The US, too, has adopted monetary strategies to promote birth rates. As per a new federal law, children born between 2025 and 2028 potentially qualify for a thousand-dollar investment account, termed the “Trump Account”. 

India’s North vs South Birth Divide

In India, pro-natalist ideologies are unfolding in certain states. South Indian states have a lower population and birth rates compared to the north, a figure that has scared southern politicians such as Tamil Nadu Chief Minister MK Stalin, who have repeatedly called for increased fertility rates.

In March of 2025, Stalin, in a very direct statement, called for Tamil Nadu residents to “Give birth to a child immediately.” This statement came at the height of the delimitation debate in India, which threatened equal parliamentary representation of southern states due to the population disparity between the north and the south. 

Andhra Pradesh Chief Minister N. Chandrababu Naidu declared, “We will launch a robust policy on population growth soon. Population is our strongest economic resource. The world is increasingly reliant on countries with large populations”.

Andhra Pradesh’s fertility rate is approximately 1.5, which is well below the national average of 2.1. To revive the birth rate, Naidu’s government has implemented a “Population Management Policy”. This policy includes state-supported IVF treatment and incentivising the birth of second and third children in families. 

The new policy offers incentives such as ₹25,000 at the time of birth for families with a second or third child, ₹1000 per month for nutritional support for five years for the third kid, and free education for all children up to the age of eighteen.

Additionally, the government is considering two months of paternity leave for males and ten months of maternity leave (up from six months) for women having a third child.
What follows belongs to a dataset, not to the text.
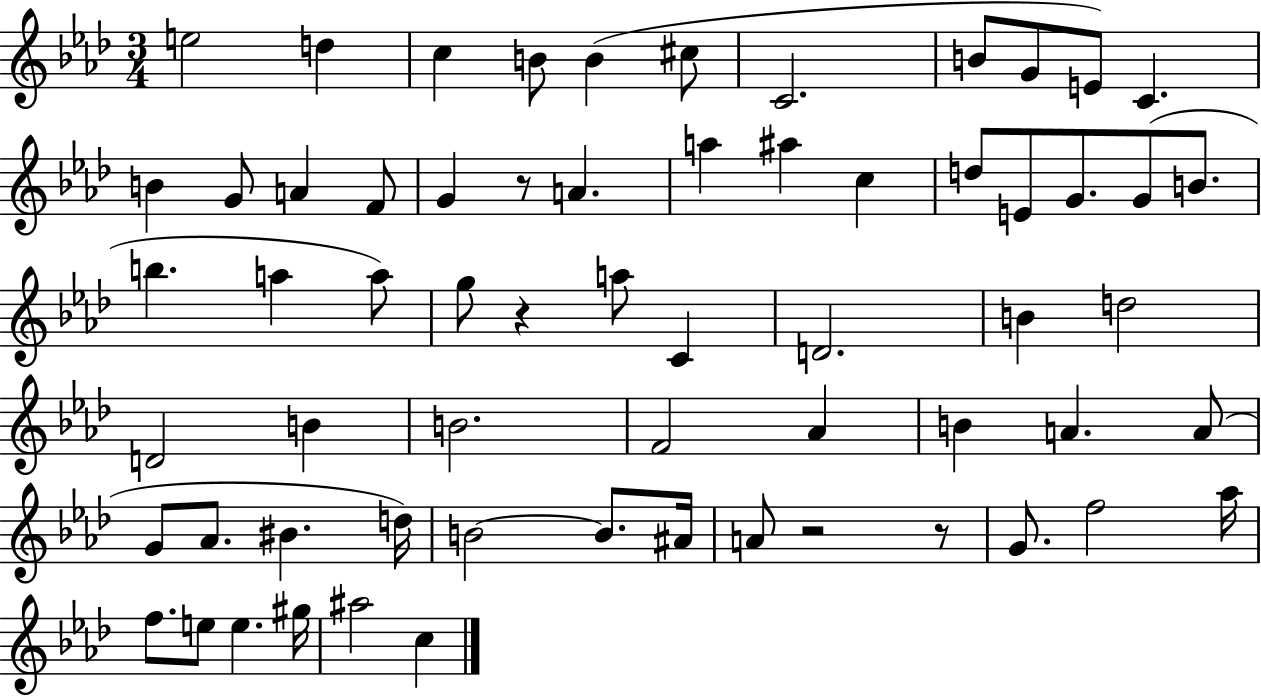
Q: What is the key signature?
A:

While the official reason is pinned on the impact on labour and state economics, the effects of declining southern population are deeply political and rooted in the federalism of the country. 

These pro-nationalist tendencies are visible in the legal structure of the nation, as the Indian Penal Code of 1860, a colonial legacy, criminalised abortion under Sections 312 to 314, reflecting a moral and religious opposition to abortion and birth control. These provisions were retained almost unchanged in the Bharatiya Nyaya Sanhita (BNS) of 2023. As a result, abortion continues to be criminalised in the country, permitted only as an “exception” under the Medical Termination of Pregnancy Act, 1971, according to The Indian Forum. 

The fact remains, the global strain from declining birth rates has led to world governments incentivising and monetizing child birth, and when that fails, the government resorts to harsher methods and campaigns to stigmatise the pro-choice of women as anti-natalists. Women once again bear the burden of these policies. 

While the figures and statistics flood newscycles to paint opinions, it is the freedom of women that is really at stake in the demographic crisis.